Microservices

  A microservice is just a web service. That is a small, well-defined scope and is loosely coupled from any other web service.


Usually, you don't build just one microservice, but rather your organization adopts a microservices architecture that consists of a collection of microservices, each one self-contained and implementing a single business capability.Each service has a separate codebase, which can be managed by a small development team.

In fact, microservices don't even need to share the same technology stack, libraries, or frameworks, which allows each team to choose the right tool for the job.This means that a single development team can build, test, and deploy a service. The result is a continuous innovation and a faster release cadence. Teams can now focus on one service, and with a smaller scope of each service, the code base will be easier to understand, making it easier for new team members to ramp up and to get started.

Going this route now allows each microservice to be deployed independently of every other microservice in the organization. A team can update an existing service without rebuilding and redeploying the entire application. Plus, they can also easily roll back or roll forward and update if something goes wrong. The best part, this makes bug fixes and feature releases more manageable and less risky.The deployment strategy also means that each microservice can be scaled independently.

A benefit of this efficiency is that each microservice is responsible for persisting its own data or external state and not rely on some common repository layer.In fact, some microservice experts insist that each microservice should even have its own separate database.

Again, the idea here is to make each microservice completely autonomous with no cross-dependencies from a business domain perspective. This kind of freedom provides a layer of fault isolation. If a service goes down, it won't necessarily take out the entire application.

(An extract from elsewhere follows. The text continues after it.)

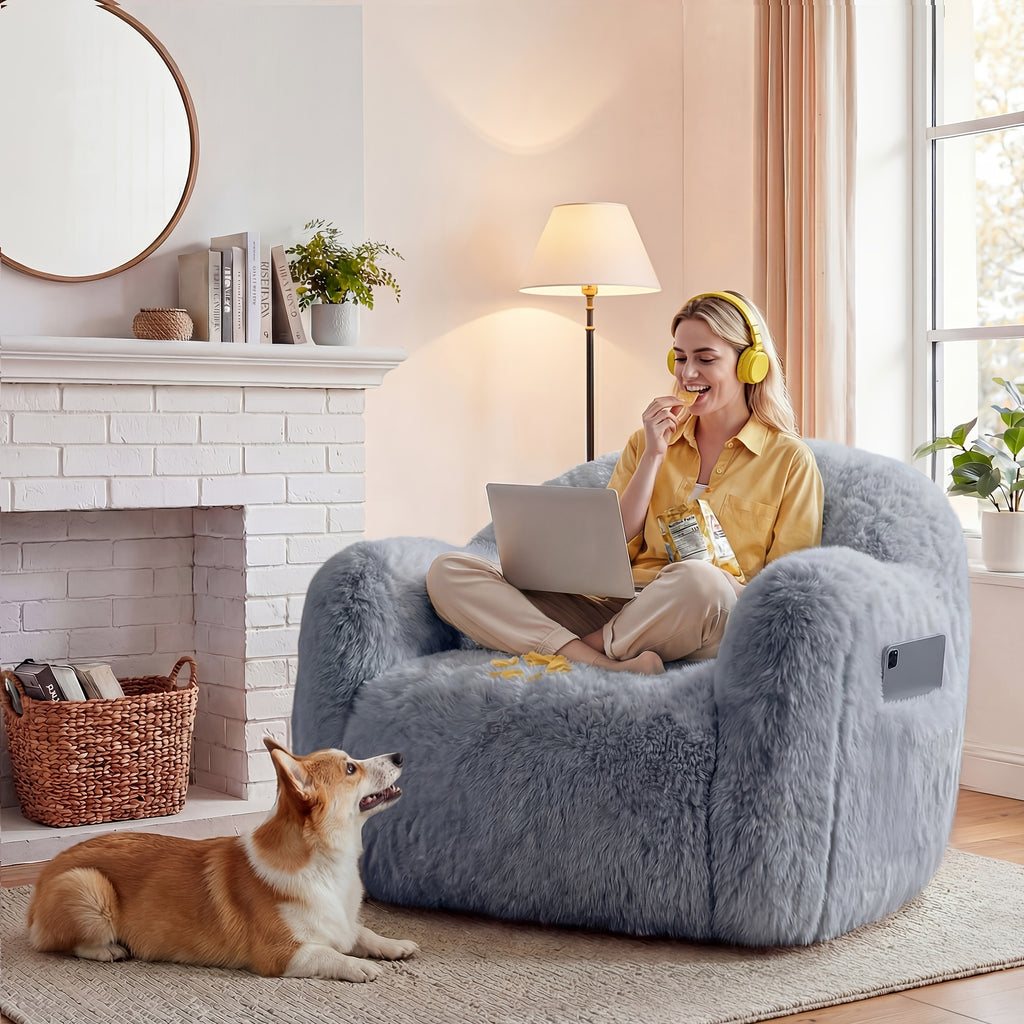 fluffy   bag chair armrests   - Temu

Microservices can communicate with each other by using well-defined APIs. The internal implementation details of each service are encapsulated behind their interface. However, typically you'd want to reduce those interdependencies and try to introduce an orchestration or management layer in the higher level consuming application that coordinates calls to various lower level microservices and combines results.

A microservices architecture solves some problems and is more appropriate when you have a large application that requires a high release velocity, you have complex applications that need to be highly scalable,you have applications with rich domains or many sub-domains, you have an organization that consists of small development teams.

microservices is a way to simplify an application architecture by focusing on creating smaller, more manageable, autonomous and independently deployed web services that address a single business domain or capability. A microservices architecture consists of a collection of small, autonomous services. Each service is self-contained and should implement a single business capability.